* What to produce
Every line of the listing below is to be repeated exactly; the pictures stay out.

* Data below

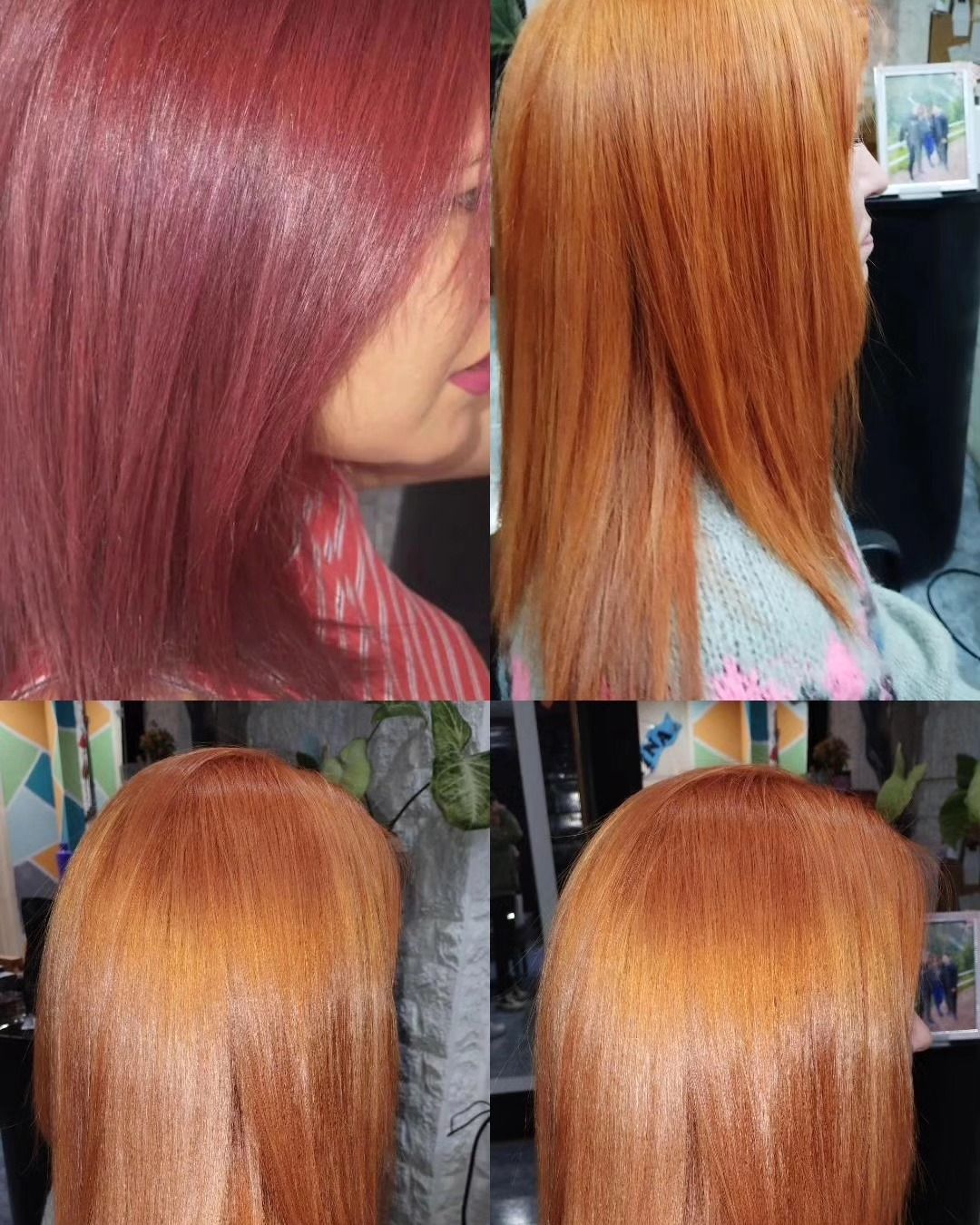 Una comparación lado a lado de la transformación del color del cabello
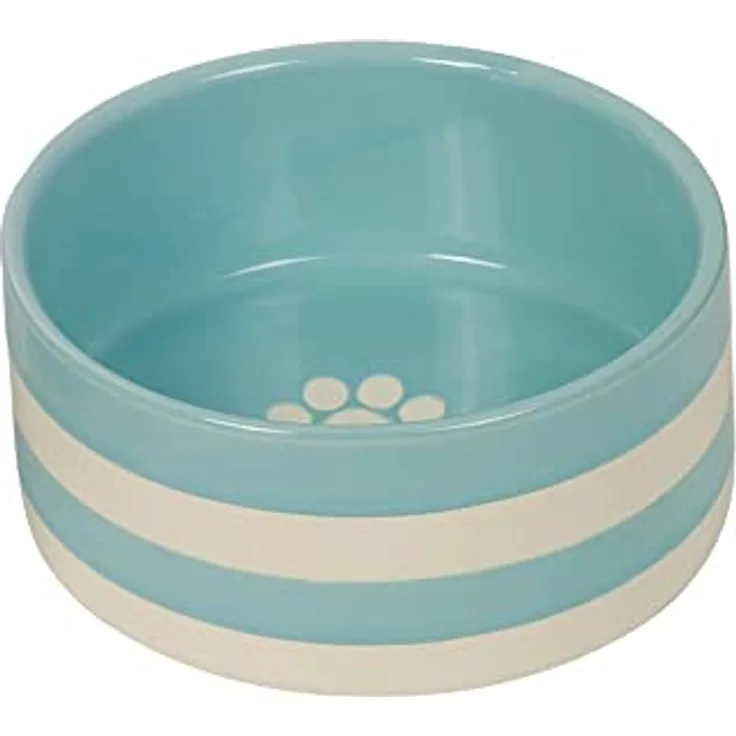 Nobby 82425 Keramik Napf Strio Mint/Creme; Ø 15,0 x 6,0 cm, 0,60 l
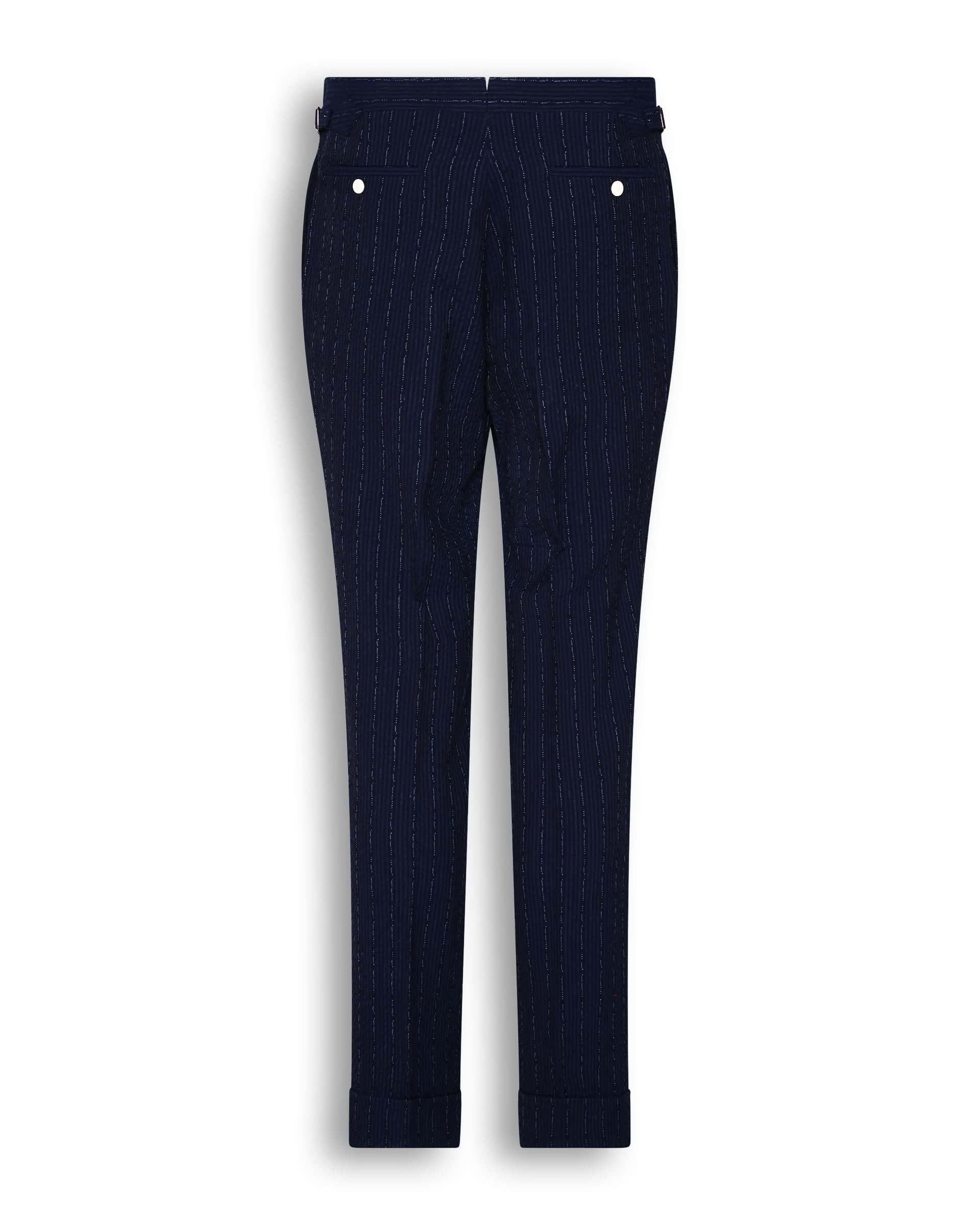 Harrison Virgin Wool Silk Linen Stretch Seersucker Morse Code Suit Trouser Navy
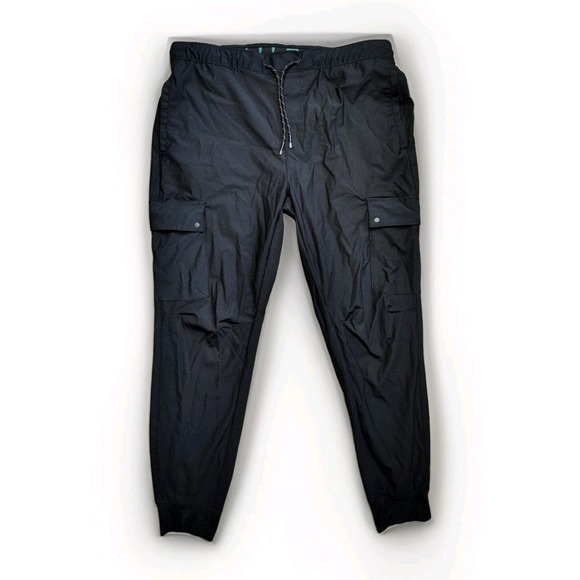 Projek Raw Black Joggers Men's Large Cargo Pockets Activewear Pants Stretch - Picture 1 of 9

* Exercise result
 Una comparación lado a lado de la transformación del color del cabello
 Nobby 82425 Keramik Napf Strio Mint/Creme; Ø 15,0 x 6,0 cm, 0,60 l
 Harrison Virgin Wool Silk Linen Stretch Seersucker Morse Code Suit Trouser Navy
 Projek Raw Black Joggers Men's Large Cargo Pockets Activewear Pants Stretch - Picture 1 of 9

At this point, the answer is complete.